Così è per le scarpe sportive, ‘riprodotte’ con mano veloce e stilizzate con tratti semplici ma sicuri e geniali da Barbante. Perché — è appena il caso di sottolinearlo —, non è che chiunque riproduce un tramezzino o una scarpa o roba simile è un artista. Se non ha il genio dell’artista, se non ha la creatività, se non ha il dominio della forma e del colore, è destinato a restare “un semplice untorello”, per usare la definizione di Antonio Gramsci. Nelle mani e nel pennello dell’artista Arturo Barbante quelle scarpe diventano icone, anzi veri e propri feticci della nostra società posseduta dal demone del fitness e del benessere fisico ad ogni costo. Si trasformano, da naturale accessorio d’abbigliamento e da elementi complementari, in esseri, quasi, dotati di una forma e di una vita propria: d’altronde, non è stata di recente inventata (pardon, creata) la “scarpa che respira”?

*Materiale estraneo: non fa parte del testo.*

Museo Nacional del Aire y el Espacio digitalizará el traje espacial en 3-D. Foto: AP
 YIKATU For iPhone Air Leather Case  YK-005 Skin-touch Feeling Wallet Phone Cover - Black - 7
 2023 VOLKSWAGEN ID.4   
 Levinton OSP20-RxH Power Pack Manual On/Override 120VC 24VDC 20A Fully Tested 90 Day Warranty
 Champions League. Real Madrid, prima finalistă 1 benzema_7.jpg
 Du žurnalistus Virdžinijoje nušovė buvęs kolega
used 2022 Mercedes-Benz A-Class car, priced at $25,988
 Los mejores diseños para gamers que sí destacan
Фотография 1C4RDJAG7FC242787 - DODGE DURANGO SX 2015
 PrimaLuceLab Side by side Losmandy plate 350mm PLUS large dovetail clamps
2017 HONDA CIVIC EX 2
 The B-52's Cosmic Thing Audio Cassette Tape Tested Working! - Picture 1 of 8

Così è anche per i lottatori e i tuffatori del nostro artista: groviglio di corpi, gli uni, corpi isolati e statuari, gli altri; ma che rivelano tutti, sotto il tenue velame di una pelle sottile e trasparente (quasi una pellicola, che mi fa pensare a quella in cui avvolgiamo per congelarli i prodotti alimentari), la stessa sanguinolenta carnalità di muscoli e tendini dei quarti d’animali appena macellati.
E gli altri esseri umani? Barbante li rappresenta come gruppi anonimi o senza volto, interiormente soli: o, al più, in compagnia di un cane, garanzia di sincero affetto e istintiva lealtà. Esseri che l’artista incontra e vede ogni giorno, nello spazio vitale in cui vive e opera. E di questo ‘spazio’, che è quello a cui noi di questa terra apparteniamo, cioè quello degli Iblei, la carruba — riprodotta dal pittore in tante tonalità di colore (tranne quello suo naturale) — è l’emblema più caratteristico e caratterizzante.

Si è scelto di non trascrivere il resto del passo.